1. Türkiye, “Ergenekon” adı verilen bir tertip ile karşı karşıyadır. Tertibin hedefi başta Türk Ordusu ve İşçi Partisi olmak üzere Atatürk Cumhuriyeti’ni savunan kurum ve kişilerdir. Bu kapsamda ülkemiz şema tertipleriyle karartılmaya çalışılıyor. “Şema terörü” estiriliyor. Şüpheli Şenkal Atasagun ve ekibi başından bu yana şema tertibinin içindedir.

2. Şüpheli Şenkal Atasagun, Milli İstihbarat Teşkilatı müsteşarı olduğu 2002 yılında ekibiyle birlikte bir şema hazırlamıştır.

3. Şemada, sözde “Ergenekon” örgütünün kurucu ve yöneticileri olduğu iddia edilen 69 kişinin ismi yer almaktadır. Bu kişilerin arasında Genelkurmay Başkanları, Kuvvet Komutanları, İşçi Partisi Genel Başkanı Doğu Perinçek, CHP Genel Başkanı Deniz Baykal, iş adamları, gazeteciler, aydınlar yer almaktadır.

4. Şenkal Atasagun görev ve yetkilerini kötüye kullanarak, 2002 yılında hazırladığı “Ergenekon şeması”, tertibi ve tertipçileri ele vermektedir.

5. Şema, MİT tarafından, çeşitli tarihlerde Genelkurmay Başkanlığı, İstanbul Özel Yetkili C. Başsavcılığı ve İstanbul 13. Ağır Ceza Mahkemesi’nin 2008/209 esas sayılı dava dosyasına gönderilmiştir.

6. Ergenekon soruşturmasını yürüten savcılar 69 ismin yer aldığı şemadaki 63 ismi kapatarak, İstanbul 13. Ağır Ceza Mahkemesi’ne göndermiş, uzun uğraşlardan sonra Mahkeme şemanın açık halini savcılıktan getirtebilmiştir. Bu kez de Mahkeme, şemada adı geçenlerin saygınlıklarını korumak gerekçesi ile şemayı açıklamamış, davanın şüpheli ve sanıkları tarafından incelenmesine izin vermemiştir. Kararın gerekçesi şöyledir; “Üzeri Savcılık tarafından kapatılmış kişiler hakkında herhangi bir soruşturmanın açılmamış bulunması, bu çizelgedeki kimi kişilerin sosyo-ekonomik ve siyasi konumları… saygınlıkları ve haklarının zedelenme olasılığı... bu kişilerin kişisel hak ve özgürlüklerinin dikkate alınması ve korunması gerektiği(nden) bu belgelerin orijinal haliyle açıklanmamasına… karar verildi”.

7. Mahkemenin, isimleri yer alanları korumak adına gizlediği şema, bütün ayrıntılarıyla basında yer almıştır.

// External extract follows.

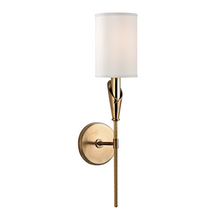 Tate Wall Sconce - NicheDecor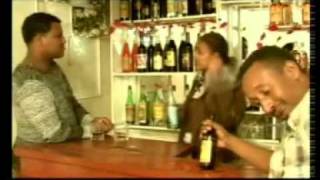 Kebebew Geda  AradaTubecom Dibidibu Ethiopian comedy [upl. by Dagley]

Son olarak, Aydınlık dergisinin 8 Şubat 2009 tarihli sayısında MİT'in gizlenen “Ergenekon şeması”, 1 numaradan 69 numaraya kadar isim isim açıklanmıştır.

8. MİT'in, Savcılığa ve Mahkemeye gönderdiği yazılara göre, şemanın hazırlanmasına dayanak olarak gösterilen “Ergenekon” belgeleri, 3 Temmuz 2002 günü MİT'e İstanbul'dan bilinmeyen bir kimse tarafından yollanmış!

9. Şüpheli, Ergenekon tertibinin dayanağı olan 2001 yılındaki “Tuncay Güney mülakatı”nı iki yıl elinde tutmuş ve 10 Temmuz 2003 günü Genelkurmay Başkanı Org. Hilmi Özkök'e göndermiş.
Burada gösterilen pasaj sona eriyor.